J'aimerais bien avoir des exemples, moi aussi.
Sinon des titres de livres, au moins quelques paragraphes d'un 'je' et un autre au 'il'.

Gen a dit…

@ClaudeL : J'ai moins vu de cas de "je" multiples en littérature générale, alors j'ai pas vraiment d'exemple à te donner que tu risquerais d'avoir lu...

Pour ce qui est du paragraphe en "je" vs en "il" :

Je m'approche sans bruit de la porte, pose la main sur la poignée, tourne et pousse. La porte s'ouvre sur ma chambre. Les murs roses ornés des affiches de mon chanteur préféré, Truc Muche, semblent identiques à mon souvenir...

VS

Karine s'approche sans bruit de la porte, pose la main sur la poignée, tourne et pousse. La porte s'ouvre sur sa chambre. Les murs roses ornés des affiches de son chanteur préféré, Truc Muche, semblent identiques à son souvenir...

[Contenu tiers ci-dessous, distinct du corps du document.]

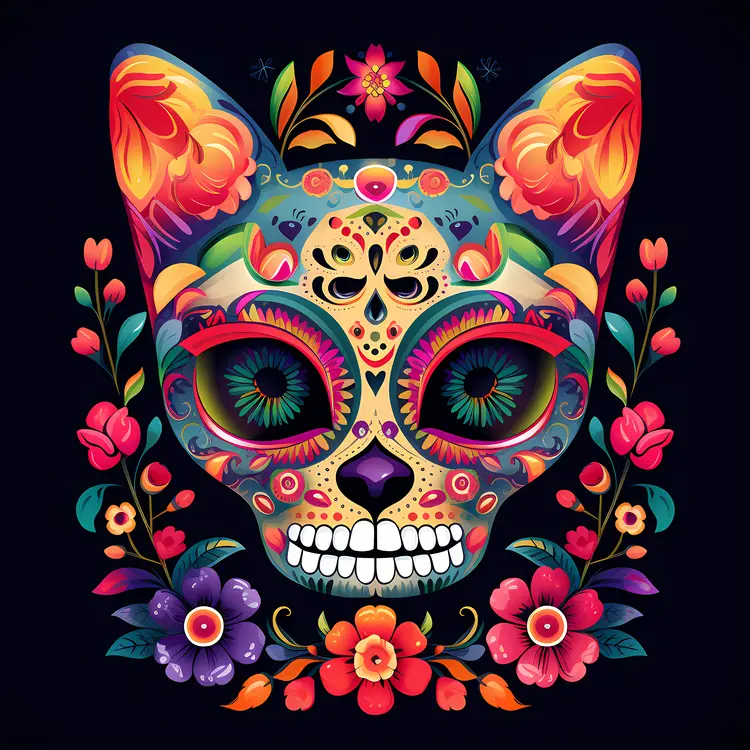 Colorful Sugar Skull Cat for Day of the Dead Celebration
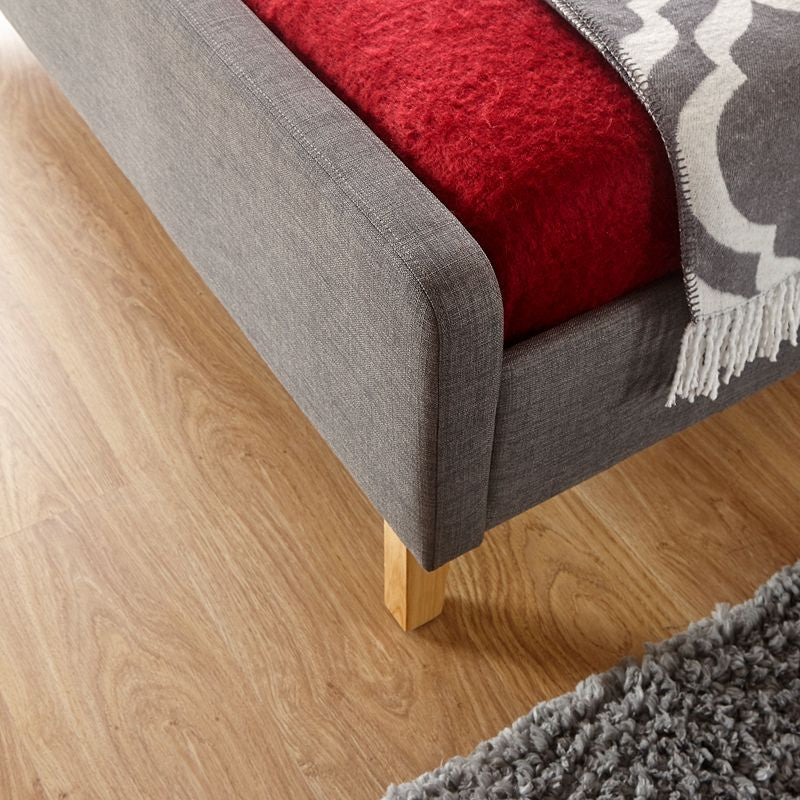 GFW Ashbourne Double Bed Fabric Grey 5 x 7ft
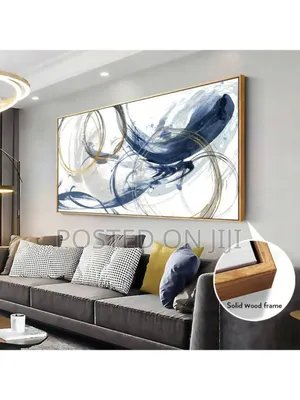 White, Navy Blue and Touch of Brown Abstract Painting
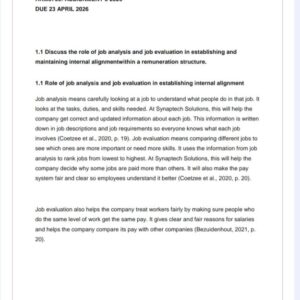 HRM3705 Assignment 3 2026 | Due 23 April 2026 - Distinction Guaranteed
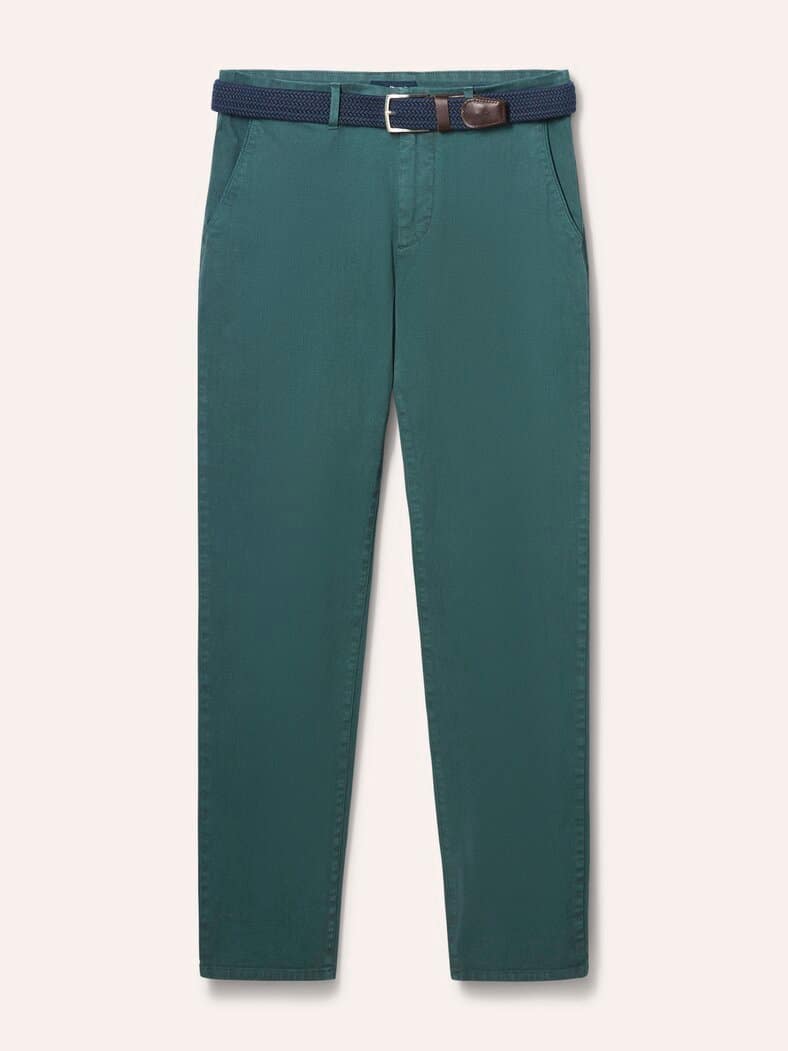 Chino inklusive Gürtel Flaschengrün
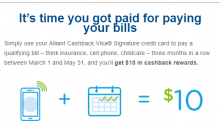 Alliant CU, Get $10 When You Pay 3 Bills (Targeted)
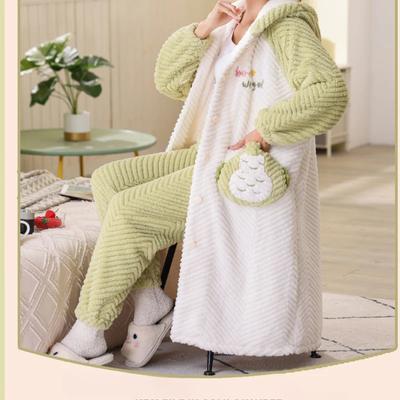 Thickened Warm Winter Flannel Ladies Pajamas Robe Top and Pants Padded Nightwear Cartoon Bear Women's Sleepwear Long Bathrobe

Est-ce que tu remarques pourquoi je dis que le premier est artificiel? Si tu entres dans ta chambre, as-tu besoin de te parler à toi-même de la couleur des murs et des cadres qui s'y trouvent? Non, tu penserais tout simplement "la pièce est comme d'habitude", mais là, pour donner un minimum d'info au lecteur, on triche. Une fois ou deux, c'est pas si mal, mais sur tout un roman, ça peut devenir très lourd. En plus, avec la version en "il/elle", on a le prénom du personnage, on lui donne peut-être déjà un visage à cause d'une Karine qu'on connaît. Et un narrateur qui détaille les gestes d'un personnage qu'il observe, c'est moins bizarre qu'un "je" qui décortique tous ses mouvements.

Shadow_x99 a dit…

@Gen: Je suis bien au courant que Games of Thrones c'est pas au "Je", mais cependant, le sentiment de devoir être super attentif (donc on se laisse pas emporter par le texte), et de devoir retourner au début du chapitre pour être sûr de quel personnage il sagit, est-ce un nouveau, est-ce un vieux, etc, C'est du pareil au même. C'est peut-être un exercice de style "cool" pour GRR Martin, mais pour moi, il m'a guéri :P

Gen a dit…

@Shadow : Euh... Ah bon. J'suis absolument pas d'accord, mais si tu n'as pas de plaisir de lecture, tu fais bien de laisser tomber.

Guillaume Voisine a dit…

D'accord pour les narrateurs multiples au "je". Mais bon, ça peut être considéré comme un défi narratif, et pas nécessairement comme une tare. Comme tu le soulignes, cependant, le défi n'est toujours pas relevé avec brio.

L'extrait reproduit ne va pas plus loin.